Bloomberg’s infrastructure is spread across 200 node sites in two self-operated datacenters, catering to around 325,000 customers, with a development team of 5000 engineers. For a long time, developers were responsible for the production monitoring of the products they built and deployed. However, monitoring was often added as an afterthought. This resulted in a lack of standardization - there were multiple data collectors, leading to duplication for measuring the same thing.
There was also no global view of the systems. According to Stig Sorensen, head of telemetry at Bloomberg, the role of operations ranges across "everything from our commercial website to market data feeds, to our main product, the Bloomberg Professional Terminal which hundreds of thousands of the key influencers around the world rely on." Various different tech stacks compounded the complexity.

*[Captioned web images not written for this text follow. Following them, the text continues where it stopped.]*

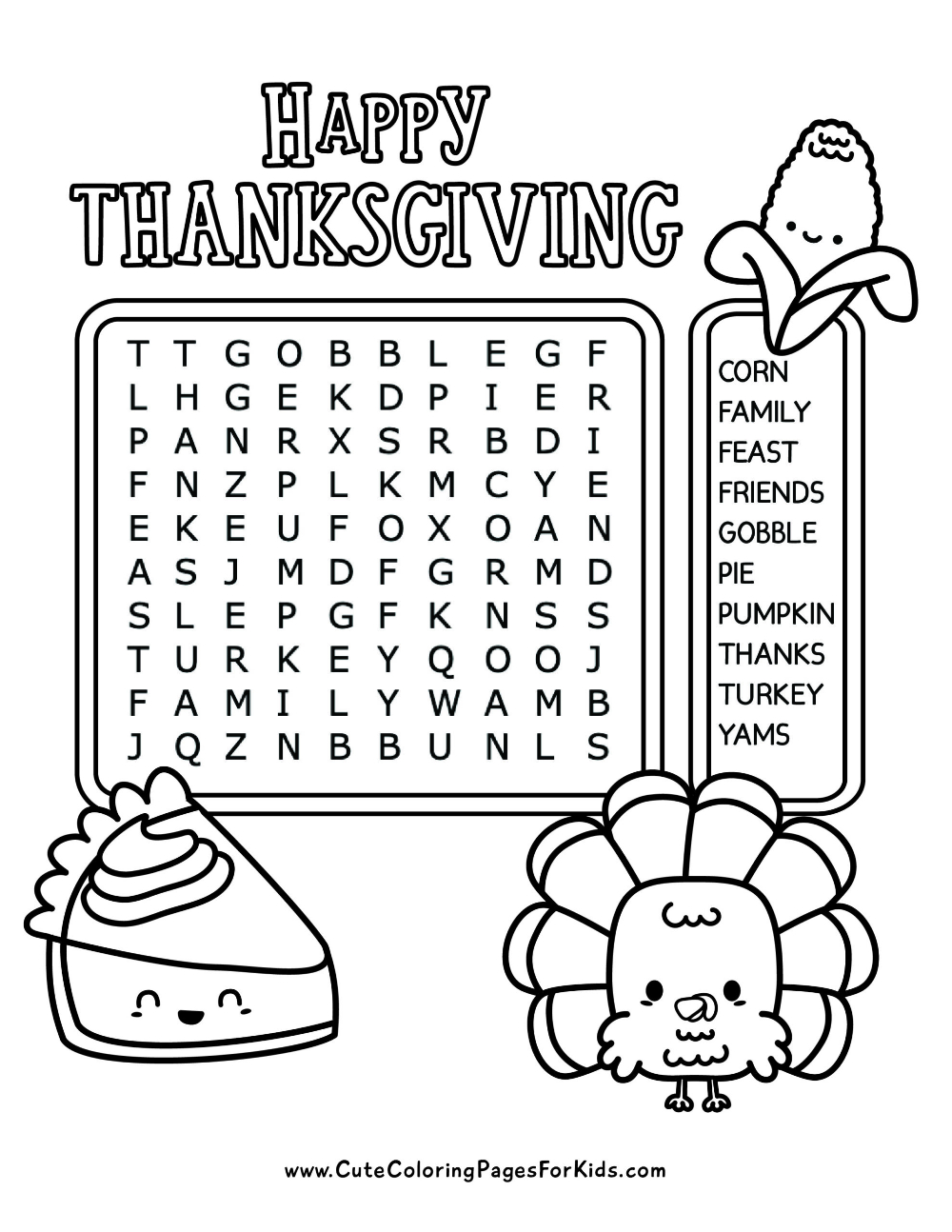 Thanksgiving Word Search - Cute Coloring Pages For Kids with Coloring Sheets Grade 2 Word Search Thanksgiving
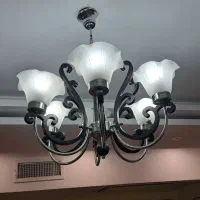 لوستر شش شعله  حباب دار چوب و کروم کارکرده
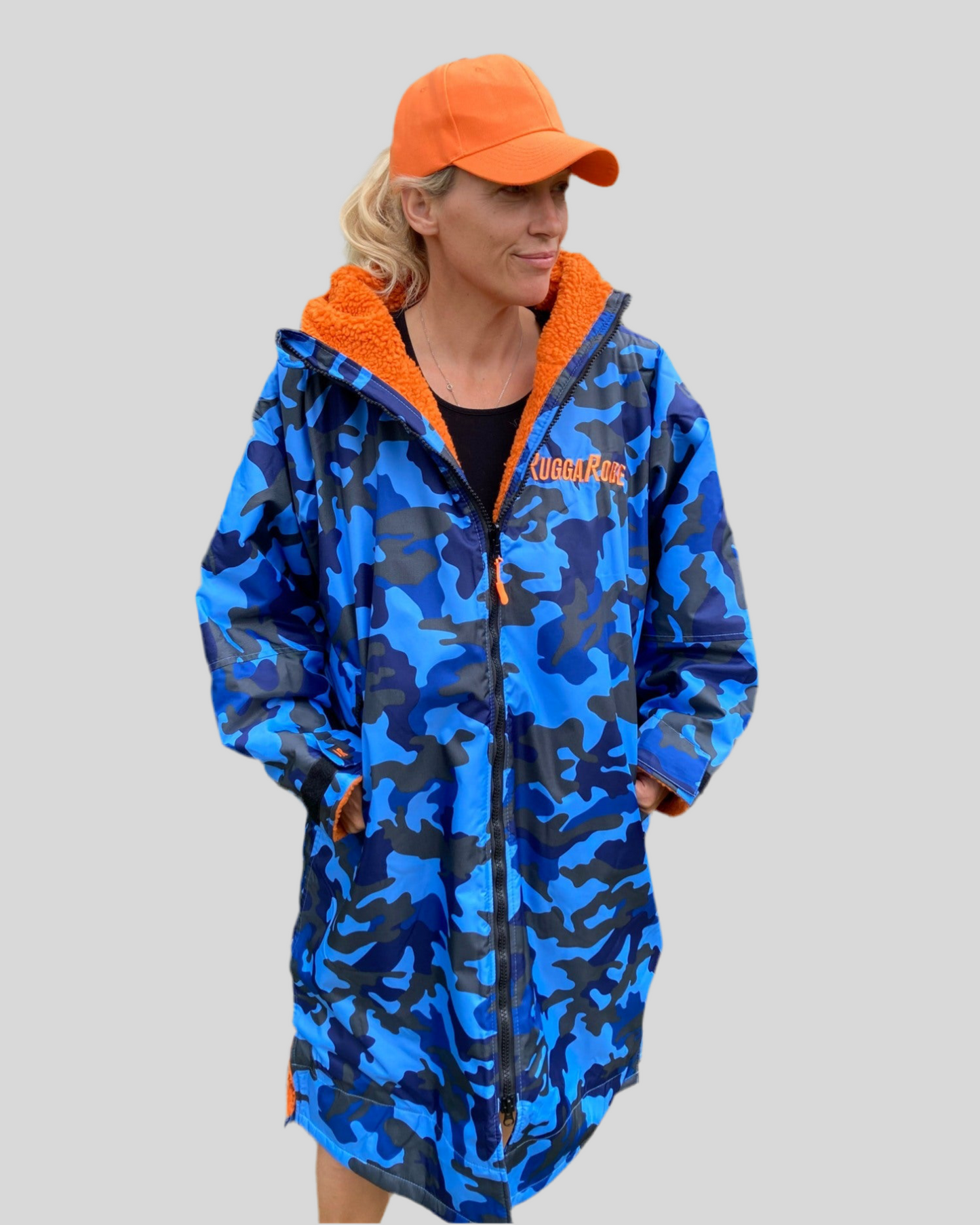 Blue Camo Change Robe with Orange Fleece - RuggaRobe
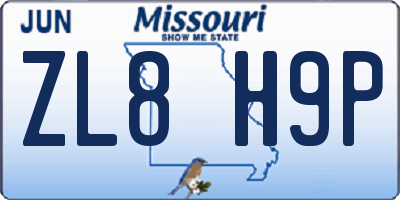 MO license plate ZL8H9P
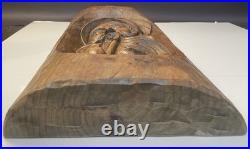 Vintage Oberammergau German Wood Carving Plaque Detert Garmisch Log Relief 17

Sorensen started leading the SRE initiative at Bloomberg in 2016. Along with pushing SRE principles and practices, his team aimed to build monitoring and alerting as a company-wide service. The first iteration was a homegrown StatsD agent with support for tags, that focused on getting the metrics out to the central systems as fast as possible. Once the metrics were collected, most of the validation, aggregation, rules and persistence was done on machines that were behind a Kafka cluster. This system soon faced issues with scale, as Sean Hanson, software developer at Bloomberg, noted in his talk:
After these two years, we’re at two and a half million data points per second, 100 million time series. Some metrics have high cardinality, like 500,000. So our initial solution did scale fairly well for us. We were able to push that to 20 million data points a second sustained. But we couldn’t actually query anything out of it while it was doing that, and it still was really poor at handling high cardinality metrics, which was a pretty common use case.
The new system that the team built also had a new set of requirements - functions to derive metric calculations, configurable retention periods, metadata queries, and scalability. Metrictank, a multi-tenant timeseries database backed by Cassandra that can be used by Graphite, met most of their requirements. Based on Facebook's Gorilla paper, it was orders of magnitude faster than their previous system for high-cardinality data. It paved the way to do queries that spanned metrics from across the organization.
The Bloomberg team optimized a few resource-intensive areas and contributed the code back to Metrictank. Other organizations have also used Cassandra as a backend to scale Graphite.
Along with the monitoring system, the adoption of SRE has been focused on standardizing the way that things are done. Sorensen elaborates:
We don’t actually have a centralized SRE team today. We rolled it out in a way where we aligned the SRE teams with the application teams. SRE teams are pulled from both app and core infra teams. It’s either people within operational or system admin background that’s sort of picked up programming and moving that way, or we have application engineers with a more active view towards systems and towards availability – because we see SREs as software engineers just doing something – building a different type of software.
With the adoption of a standardized monitoring system, there is a parallel need to track progress. This is something that the team is working on, Sorensen says, because "measuring availability is not black and white. It’s not how many failures you had on a website, because if you are a certain market player and the real-time market data is delayed by a few – by one millisecond or hundreds of milliseconds, it could make a big difference for you."